考察


2. 自覚している変化程度と変化動機尺度の関連について

 仮説Cの検討のため,自覚している変化程度と変化動機尺度の下位尺度「関係維持」,「自然・無意識」,「演技隠蔽」,「関係の質」の相関係数を求めた。

 その結果,自覚している変化程度と変化動機尺度の「関係維持」,「自然・無意識」,「演技隠蔽」において有意な正の相関が見られた。このことから,仮説C『自覚している変化程度が大きい人ほど,意図的に自分を変化させることが多く,「関係維持」得点や「演技隠蔽」得点が大きくなると考えられる。』は支持された。「関係維持」については,相手との関係を維持するためや,相手を傷つけないように意識的に自己を変化させているため,自覚している変化程度との関連がみられたことが考えられる。また,「演技隠蔽」については,相手によく見られたいという思いなどから,意識的に自己を変化させているという認識が生じるのではないかと考えられる。自覚している変化程度と「自然・無意識」においても関連がみられた理由として,「自然・無意識」は日本文化において特徴的な自然に,無意識に変化するという考えも含まれているため,人と関わっている場では意識せず自然と自己が変化していても,客観的に改めて振り返ると自己が変化していたという認識があり,自覚している変化程度と正の相関がみられたのではないかと考えられる。

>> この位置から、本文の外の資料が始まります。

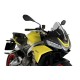 Ζελατίνα Puig Z-Racing Aprilia Tuono 660/Factory ελαφρώς φιμέ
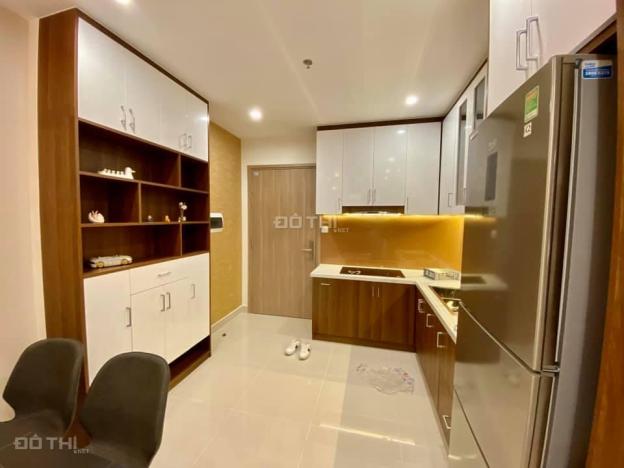 3555963 ảnh đại diện 2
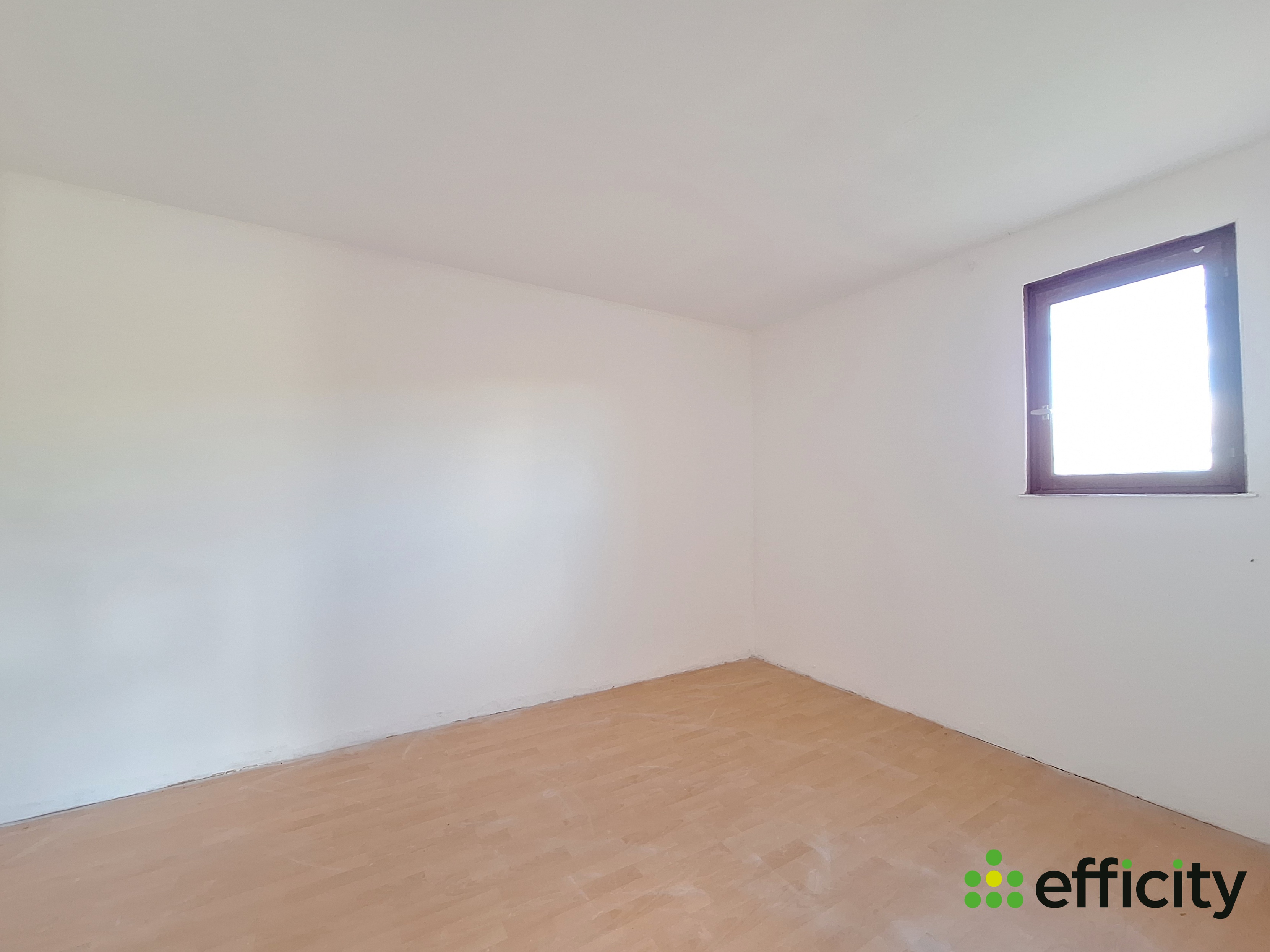 Achat immobilier Maison 4 pièces  105m2 à Valensole (04210) - Photo n°16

 また,自覚している変化程度に及ぼす影響についても調べるため,各下位尺度を独立変数とし,自覚している変化程度を従属変数とした重回帰分析による検討をおこなった結果,「関係維持」と「自然・無意識」から「自覚している変化程度」に対して有意な正の影響がみられた。相関係数の算出の結果と類似した結果となったが,重回帰分析では,「演技・隠蔽」から自覚している変化程度への影響はみられなかった。自覚している変化程度に,特に正の影響を与えているのは,関係維持願望や自己理解願望,相手を傷つけたくないなどの配慮からなる「関係維持」であることが示唆された。